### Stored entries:

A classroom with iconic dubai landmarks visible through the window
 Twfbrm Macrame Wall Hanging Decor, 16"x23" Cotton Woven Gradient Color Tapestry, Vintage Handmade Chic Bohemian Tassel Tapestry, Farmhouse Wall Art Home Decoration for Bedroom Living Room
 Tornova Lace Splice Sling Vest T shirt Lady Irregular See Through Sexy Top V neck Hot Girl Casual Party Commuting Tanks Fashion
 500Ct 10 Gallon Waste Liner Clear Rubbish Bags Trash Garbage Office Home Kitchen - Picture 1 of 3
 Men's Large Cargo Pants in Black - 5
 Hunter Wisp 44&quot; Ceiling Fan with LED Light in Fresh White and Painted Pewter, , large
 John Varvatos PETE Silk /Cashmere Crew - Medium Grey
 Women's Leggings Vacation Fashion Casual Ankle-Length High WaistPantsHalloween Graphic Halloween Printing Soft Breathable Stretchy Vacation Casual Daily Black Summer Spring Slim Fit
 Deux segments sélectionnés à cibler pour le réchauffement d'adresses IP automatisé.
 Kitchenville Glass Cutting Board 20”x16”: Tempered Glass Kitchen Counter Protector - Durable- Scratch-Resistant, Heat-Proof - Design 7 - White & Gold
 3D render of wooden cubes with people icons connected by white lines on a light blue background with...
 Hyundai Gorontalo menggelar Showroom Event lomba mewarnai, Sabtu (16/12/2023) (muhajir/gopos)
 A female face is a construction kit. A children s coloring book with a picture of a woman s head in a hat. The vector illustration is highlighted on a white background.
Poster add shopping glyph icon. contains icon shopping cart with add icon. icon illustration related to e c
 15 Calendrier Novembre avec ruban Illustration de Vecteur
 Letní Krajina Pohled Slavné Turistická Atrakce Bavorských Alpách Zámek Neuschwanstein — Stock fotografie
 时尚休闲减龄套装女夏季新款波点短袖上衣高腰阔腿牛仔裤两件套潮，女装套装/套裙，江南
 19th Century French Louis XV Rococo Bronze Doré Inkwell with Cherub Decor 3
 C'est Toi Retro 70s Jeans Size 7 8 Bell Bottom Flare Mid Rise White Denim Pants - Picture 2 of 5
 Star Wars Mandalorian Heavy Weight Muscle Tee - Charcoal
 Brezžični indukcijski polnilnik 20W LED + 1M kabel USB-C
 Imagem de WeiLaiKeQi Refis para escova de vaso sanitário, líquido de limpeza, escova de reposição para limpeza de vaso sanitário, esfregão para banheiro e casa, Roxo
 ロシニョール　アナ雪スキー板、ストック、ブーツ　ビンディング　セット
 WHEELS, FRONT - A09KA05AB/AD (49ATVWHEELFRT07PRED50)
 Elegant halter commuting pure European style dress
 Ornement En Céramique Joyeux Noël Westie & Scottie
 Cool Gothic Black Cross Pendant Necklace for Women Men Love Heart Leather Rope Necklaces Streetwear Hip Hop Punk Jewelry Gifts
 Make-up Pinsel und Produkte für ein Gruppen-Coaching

### REQUIREMENT:
Would you please give all of the entries above once more, exactly as they are?

### RESPONSE:
A classroom with iconic dubai landmarks visible through the window
 Twfbrm Macrame Wall Hanging Decor, 16"x23" Cotton Woven Gradient Color Tapestry, Vintage Handmade Chic Bohemian Tassel Tapestry, Farmhouse Wall Art Home Decoration for Bedroom Living Room
 Tornova Lace Splice Sling Vest T shirt Lady Irregular See Through Sexy Top V neck Hot Girl Casual Party Commuting Tanks Fashion
 500Ct 10 Gallon Waste Liner Clear Rubbish Bags Trash Garbage Office Home Kitchen - Picture 1 of 3
 Men's Large Cargo Pants in Black - 5
 Hunter Wisp 44&quot; Ceiling Fan with LED Light in Fresh White and Painted Pewter, , large
 John Varvatos PETE Silk /Cashmere Crew - Medium Grey
 Women's Leggings Vacation Fashion Casual Ankle-Length High WaistPantsHalloween Graphic Halloween Printing Soft Breathable Stretchy Vacation Casual Daily Black Summer Spring Slim Fit
 Deux segments sélectionnés à cibler pour le réchauffement d'adresses IP automatisé.
 Kitchenville Glass Cutting Board 20”x16”: Tempered Glass Kitchen Counter Protector - Durable- Scratch-Resistant, Heat-Proof - Design 7 - White & Gold
 3D render of wooden cubes with people icons connected by white lines on a light blue background with...
 Hyundai Gorontalo menggelar Showroom Event lomba mewarnai, Sabtu (16/12/2023) (muhajir/gopos)
 A female face is a construction kit. A children s coloring book with a picture of a woman s head in a hat. The vector illustration is highlighted on a white background.
Poster add shopping glyph icon. contains icon shopping cart with add icon. icon illustration related to e c
 15 Calendrier Novembre avec ruban Illustration de Vecteur
 Letní Krajina Pohled Slavné Turistická Atrakce Bavorských Alpách Zámek Neuschwanstein — Stock fotografie
 时尚休闲减龄套装女夏季新款波点短袖上衣高腰阔腿牛仔裤两件套潮，女装套装/套裙，江南
 19th Century French Louis XV Rococo Bronze Doré Inkwell with Cherub Decor 3
 C'est Toi Retro 70s Jeans Size 7 8 Bell Bottom Flare Mid Rise White Denim Pants - Picture 2 of 5
 Star Wars Mandalorian Heavy Weight Muscle Tee - Charcoal
 Brezžični indukcijski polnilnik 20W LED + 1M kabel USB-C
 Imagem de WeiLaiKeQi Refis para escova de vaso sanitário, líquido de limpeza, escova de reposição para limpeza de vaso sanitário, esfregão para banheiro e casa, Roxo
 ロシニョール　アナ雪スキー板、ストック、ブーツ　ビンディング　セット
 WHEELS, FRONT - A09KA05AB/AD (49ATVWHEELFRT07PRED50)
 Elegant halter commuting pure European style dress
 Ornement En Céramique Joyeux Noël Westie & Scottie
 Cool Gothic Black Cross Pendant Necklace for Women Men Love Heart Leather Rope Necklaces Streetwear Hip Hop Punk Jewelry Gifts
 Make-up Pinsel und Produkte für ein Gruppen-Coaching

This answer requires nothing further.